◆ TASK TO COMPLETE: Make an exact copy of all the records.

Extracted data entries
◆ ◆ ◆ ◆ ◆

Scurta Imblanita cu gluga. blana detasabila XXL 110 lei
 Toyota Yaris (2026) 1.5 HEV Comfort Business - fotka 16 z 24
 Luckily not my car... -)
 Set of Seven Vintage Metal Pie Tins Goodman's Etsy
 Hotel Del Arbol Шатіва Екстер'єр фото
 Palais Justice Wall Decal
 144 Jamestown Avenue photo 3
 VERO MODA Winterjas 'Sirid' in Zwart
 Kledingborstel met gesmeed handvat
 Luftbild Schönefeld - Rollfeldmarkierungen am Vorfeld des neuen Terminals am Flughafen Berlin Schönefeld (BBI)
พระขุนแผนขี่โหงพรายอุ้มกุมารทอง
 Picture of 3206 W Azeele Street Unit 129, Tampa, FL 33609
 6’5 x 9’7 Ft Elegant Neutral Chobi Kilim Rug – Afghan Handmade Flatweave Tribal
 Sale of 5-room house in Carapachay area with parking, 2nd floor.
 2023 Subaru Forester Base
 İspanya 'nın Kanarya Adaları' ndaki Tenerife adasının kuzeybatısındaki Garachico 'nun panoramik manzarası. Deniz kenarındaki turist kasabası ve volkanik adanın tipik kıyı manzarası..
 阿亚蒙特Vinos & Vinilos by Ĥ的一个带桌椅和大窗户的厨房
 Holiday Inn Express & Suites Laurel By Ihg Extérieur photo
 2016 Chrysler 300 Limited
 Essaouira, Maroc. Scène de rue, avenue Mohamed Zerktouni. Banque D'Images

◆ ◆ ◆ ◆ ◆

◆ EXERCISE RESPONSE:
Scurta Imblanita cu gluga. blana detasabila XXL 110 lei
 Toyota Yaris (2026) 1.5 HEV Comfort Business - fotka 16 z 24
 Luckily not my car... -)
 Set of Seven Vintage Metal Pie Tins Goodman's Etsy
 Hotel Del Arbol Шатіва Екстер'єр фото
 Palais Justice Wall Decal
 144 Jamestown Avenue photo 3
 VERO MODA Winterjas 'Sirid' in Zwart
 Kledingborstel met gesmeed handvat
 Luftbild Schönefeld - Rollfeldmarkierungen am Vorfeld des neuen Terminals am Flughafen Berlin Schönefeld (BBI)
พระขุนแผนขี่โหงพรายอุ้มกุมารทอง
 Picture of 3206 W Azeele Street Unit 129, Tampa, FL 33609
 6’5 x 9’7 Ft Elegant Neutral Chobi Kilim Rug – Afghan Handmade Flatweave Tribal
 Sale of 5-room house in Carapachay area with parking, 2nd floor.
 2023 Subaru Forester Base
 İspanya 'nın Kanarya Adaları' ndaki Tenerife adasının kuzeybatısındaki Garachico 'nun panoramik manzarası. Deniz kenarındaki turist kasabası ve volkanik adanın tipik kıyı manzarası..
 阿亚蒙特Vinos & Vinilos by Ĥ的一个带桌椅和大窗户的厨房
 Holiday Inn Express & Suites Laurel By Ihg Extérieur photo
 2016 Chrysler 300 Limited
 Essaouira, Maroc. Scène de rue, avenue Mohamed Zerktouni. Banque D'Images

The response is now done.